No se rinden estos chicos, quizá por el propósito voluntarioso de permanecer y no dimitir de los gestos rutinarios, sobrepuestos a la existencia familiar y profesional. Quizá sea España uno de los últimos lugares donde los viejos se abroquelan contra las deprimentes secuelas de la jubilación, conservando sin solución de continuidad algunos ritos cotidianos. No me refiero ahora a los pupilos que se reúnen en los centros de la tercera edad para echar una partida de dominó con otros coetáneos desconocidos, porque eso significa variación grande, unas costumbres que se sustituyen por otras, el intercambio de fichas, porque no se suelen compartir otras aficiones o memoranzas. Hablo de los que se resisten a licenciar enraizados hábitos ociosos, las tertulias, el almuerzo semanal o mensual con los compañeros de promoción, de quinta o de la mera supervivencia que van quedando. Podríamos hablar de la cuarta edad, cuando los hijos han organizado su independencia y subsisten ocupaciones o manías casi imperiosas. Si sobrevive el cónyuge, la compañera, y no requiere, exige ni espera otros cuidados o atenciones que los compartidos en los últimos largos años.
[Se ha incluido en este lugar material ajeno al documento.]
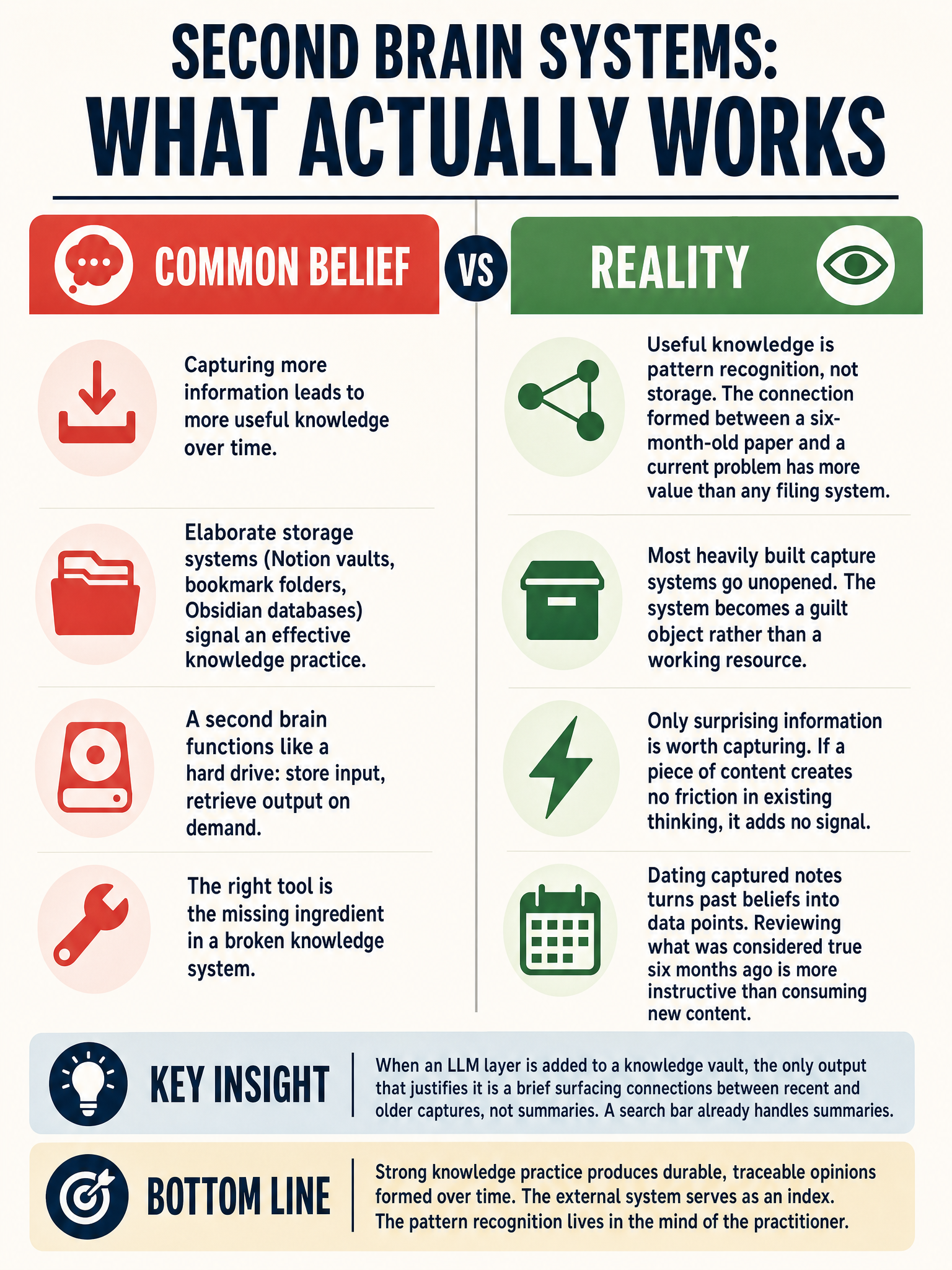 Why most second-brain knowledge systems fail engineers, and what actually works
Ignoro la cifra estadística de las mujeres y hombres que han llegado hoy a la ancianidad y sólo me refiero a los varones que conozco, y entre los que me encuentro barajado, que van pareciéndose cada día más entre sí. Compruebo la decisión con que muchos de ellos sobrellevan el más fastidioso estigma social de la vejez: esos pasitos breves que, suelo pensarlo a menudo, parecen resistir, demorar el tranco final derechos a acabar y consumir. Ese desplazamiento penoso que a los menos resueltos confina en el sillón o en la cama para los restos. Si uno decide desplazarse de esa forma, ciertamente poco garbosa, tiene ganado uno de los últimos asaltos. Son cada vez más los que superan o se adaptan a la deficiencia motriz, porque lo que importa es llegar, incluso a ninguna parte, no cómo hacerlo. Curiosamente, no he visto, en público, a ninguna mujer claudicando con empecinamiento.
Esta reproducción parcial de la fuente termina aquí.